**What you are asked to do:** Give again, word for word, every line in the entries below from the line with "Aromatherapy Lamp –" up to and including the line with "Vintage 1999 Red", and no other line.

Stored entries
══════════
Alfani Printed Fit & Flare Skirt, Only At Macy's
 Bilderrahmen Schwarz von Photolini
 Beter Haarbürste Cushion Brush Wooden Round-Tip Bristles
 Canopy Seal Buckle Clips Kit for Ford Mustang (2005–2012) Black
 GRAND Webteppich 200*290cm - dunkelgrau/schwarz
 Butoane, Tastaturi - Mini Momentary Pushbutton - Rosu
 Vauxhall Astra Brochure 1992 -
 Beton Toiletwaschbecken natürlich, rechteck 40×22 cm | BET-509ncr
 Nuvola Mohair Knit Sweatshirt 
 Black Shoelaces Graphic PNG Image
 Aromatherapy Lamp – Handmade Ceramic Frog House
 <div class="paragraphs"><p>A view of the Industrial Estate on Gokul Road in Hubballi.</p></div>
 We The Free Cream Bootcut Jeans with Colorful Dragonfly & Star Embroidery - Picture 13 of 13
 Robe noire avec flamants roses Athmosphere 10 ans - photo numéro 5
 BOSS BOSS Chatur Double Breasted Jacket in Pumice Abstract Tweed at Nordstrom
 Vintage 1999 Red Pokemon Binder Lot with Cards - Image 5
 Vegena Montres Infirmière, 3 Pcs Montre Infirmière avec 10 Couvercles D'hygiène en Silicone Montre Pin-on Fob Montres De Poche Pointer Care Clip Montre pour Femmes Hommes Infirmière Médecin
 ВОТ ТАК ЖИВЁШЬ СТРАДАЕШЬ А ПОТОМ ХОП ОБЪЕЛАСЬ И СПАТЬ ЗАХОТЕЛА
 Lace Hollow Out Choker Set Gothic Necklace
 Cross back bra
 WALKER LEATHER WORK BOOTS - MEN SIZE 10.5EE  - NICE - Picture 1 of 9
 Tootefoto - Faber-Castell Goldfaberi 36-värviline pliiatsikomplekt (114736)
══════════
**Your solution:**
 Aromatherapy Lamp – Handmade Ceramic Frog House
 <div class="paragraphs"><p>A view of the Industrial Estate on Gokul Road in Hubballi.</p></div>
 We The Free Cream Bootcut Jeans with Colorful Dragonfly & Star Embroidery - Picture 13 of 13
 Robe noire avec flamants roses Athmosphere 10 ans - photo numéro 5
 BOSS BOSS Chatur Double Breasted Jacket in Pumice Abstract Tweed at Nordstrom
 Vintage 1999 Red Pokemon Binder Lot with Cards - Image 5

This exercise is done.